Exercise description: Exactly as they appear below, repeat the lines from the one with "Fuel Filter" through the one with "Продажа квартиры студии, 23.6". Drop every picture.

◆ ◆ ◆ ◆ ◆ ◆ ◆

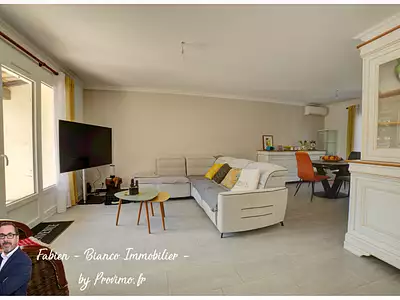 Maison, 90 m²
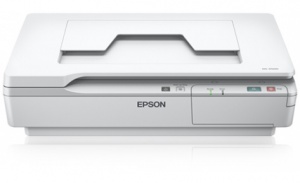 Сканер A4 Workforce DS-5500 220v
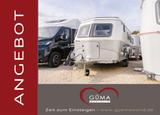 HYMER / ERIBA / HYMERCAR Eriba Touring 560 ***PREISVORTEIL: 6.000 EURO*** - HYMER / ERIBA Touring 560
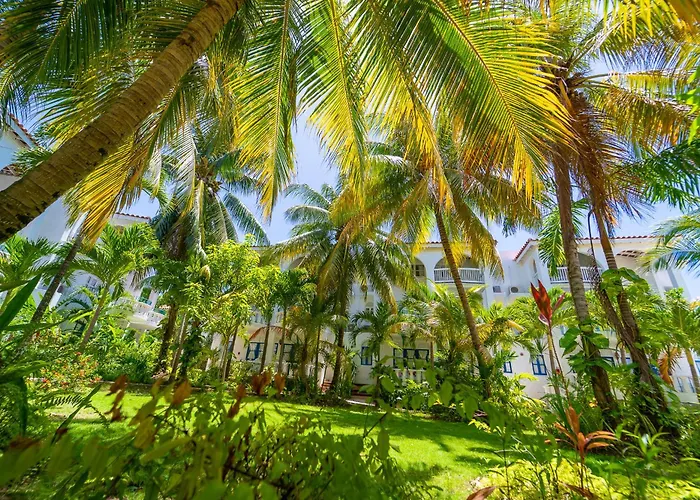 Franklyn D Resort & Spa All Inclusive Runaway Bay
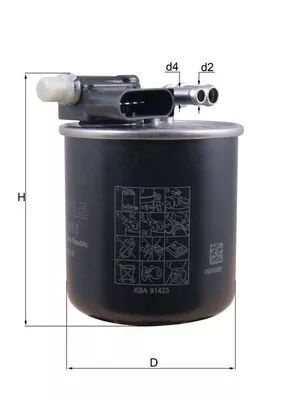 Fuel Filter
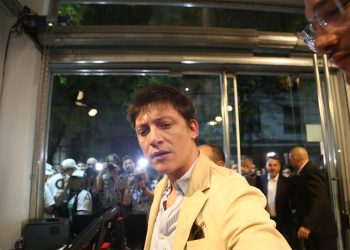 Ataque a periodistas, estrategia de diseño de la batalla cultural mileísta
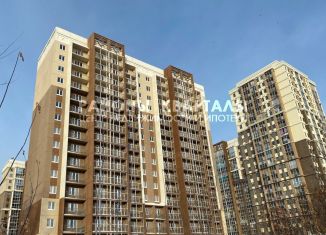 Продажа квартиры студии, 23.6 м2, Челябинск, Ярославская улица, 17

◆ ◆ ◆ ◆ ◆ ◆ ◆

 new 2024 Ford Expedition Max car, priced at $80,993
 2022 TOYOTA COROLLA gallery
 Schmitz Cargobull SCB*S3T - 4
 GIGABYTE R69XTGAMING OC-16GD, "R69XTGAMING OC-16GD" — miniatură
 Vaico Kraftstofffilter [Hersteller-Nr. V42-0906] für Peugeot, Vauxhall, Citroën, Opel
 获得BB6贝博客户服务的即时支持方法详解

◆ ◆ ◆ ◆ ◆ ◆ ◆

Reply to the exercise:
 Fuel Filter
 Ataque a periodistas, estrategia de diseño de la batalla cultural mileísta
 Продажа квартиры студии, 23.6 м2, Челябинск, Ярославская улица, 17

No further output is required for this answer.